(TRY IT)
In the records below, find the line containing "Brake Pad Set, disc", then print it and every following line exactly, through the last, without pictures.

(MATERIAL FOR THE TASK)
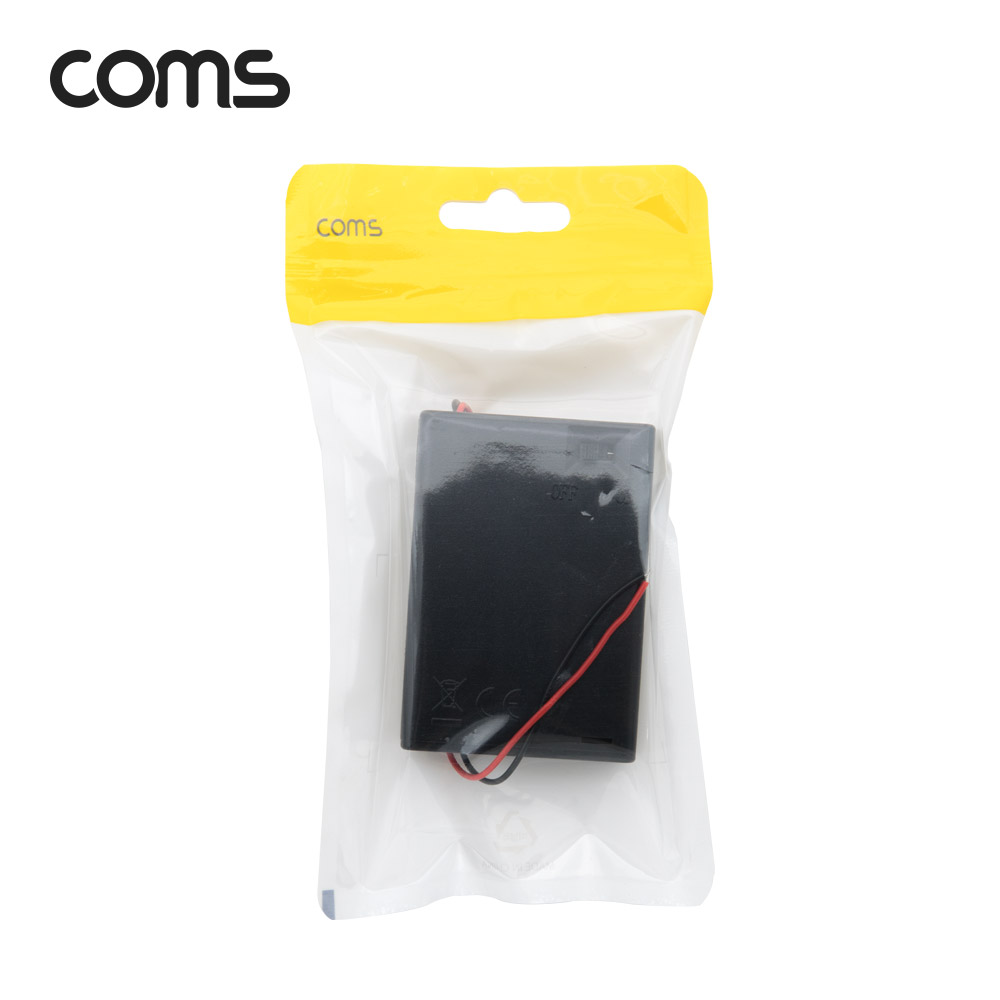 Coms 건전지 홀더 케이스 / 배터리 홀더 / AA x 3ea / 2선 전원 제작용 / On/Off스위치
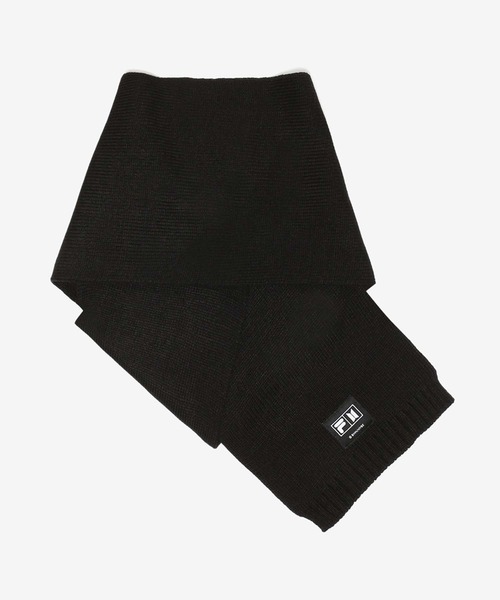 FILA（フィラ）の「FILA x BTS MUFFLER / フィラ x ビーティ―エス マフラー（マフラー・レディース・ブラック・FREE）」の2枚目の写真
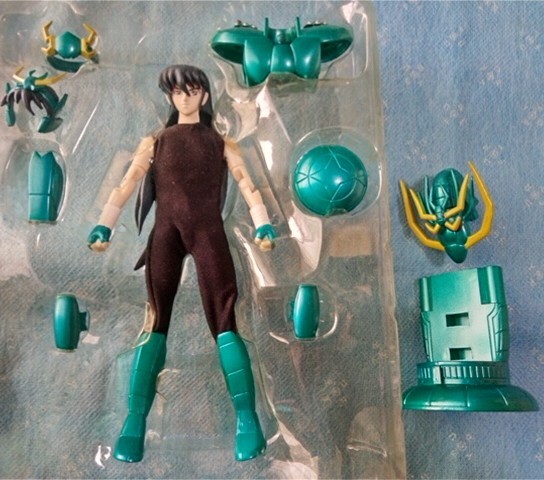 ドラゴン紫龍　圣闘士星矢　裝著リアルクロス　アミューズ景品用/非売品　バンプレスト　2001年　Z753
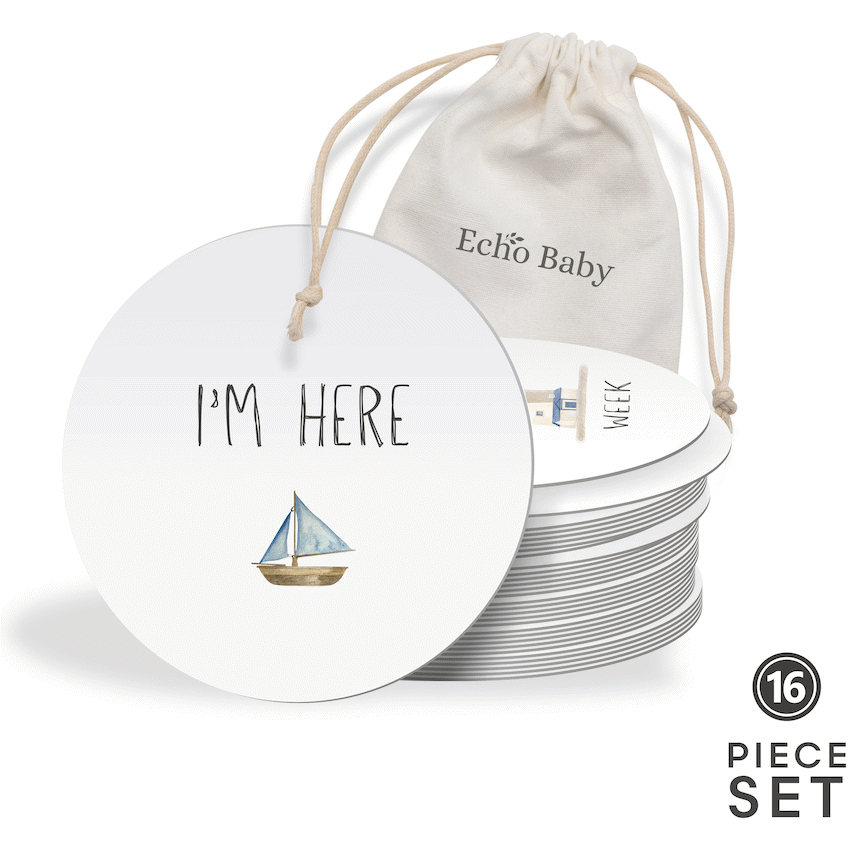 Echo Baby Milestone Cards - Nautical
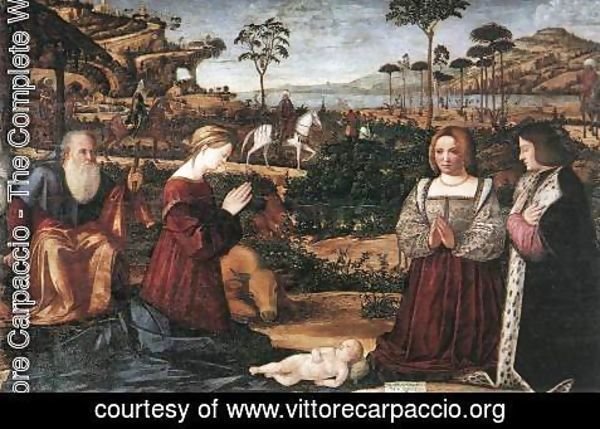 Vittore Carpaccio - Holy Family with Two Donors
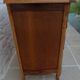 Commode 3 tiroirs en bois massif naturel et poigné noir -Totalement restaur
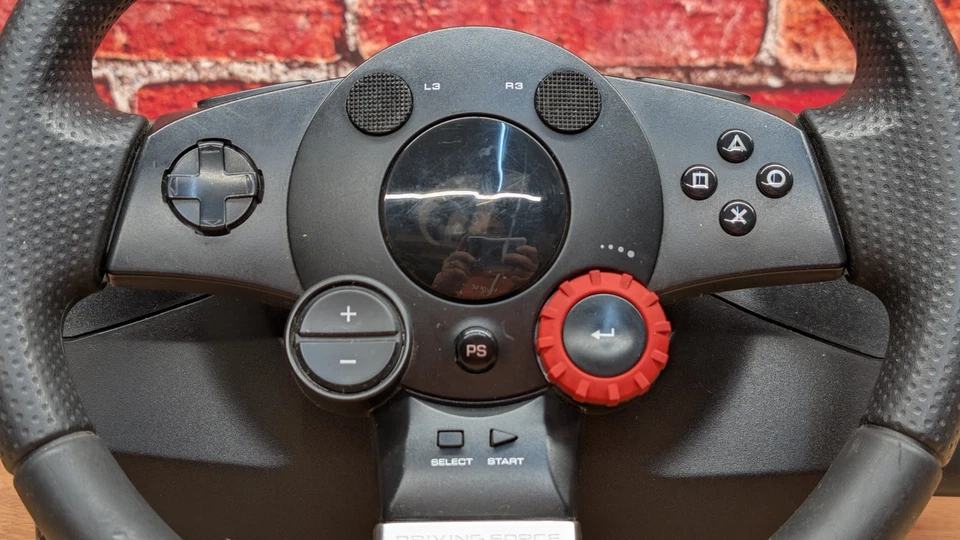 Logitech Driving Force GT Racing Wheel E-X5C19 PlayStation PC Used Gaming - Image 3 of 4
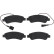 Brake Pad Set, disc brake GDB2068 TRW, Thumbnail 5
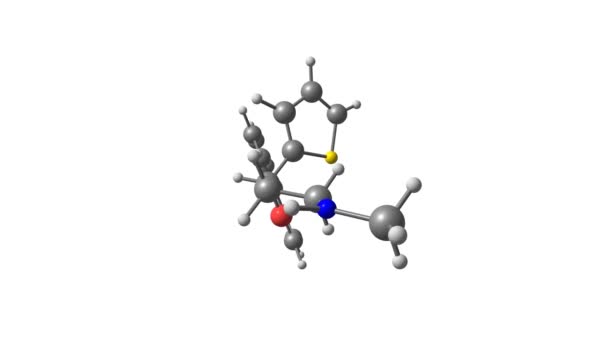 Duloxetine Molécula Vídeo Giratorio Full — Vídeos de Stock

(OUTPUT BELOW)
 Brake Pad Set, disc brake GDB2068 TRW, Thumbnail 5
 Duloxetine Molécula Vídeo Giratorio Full — Vídeos de Stock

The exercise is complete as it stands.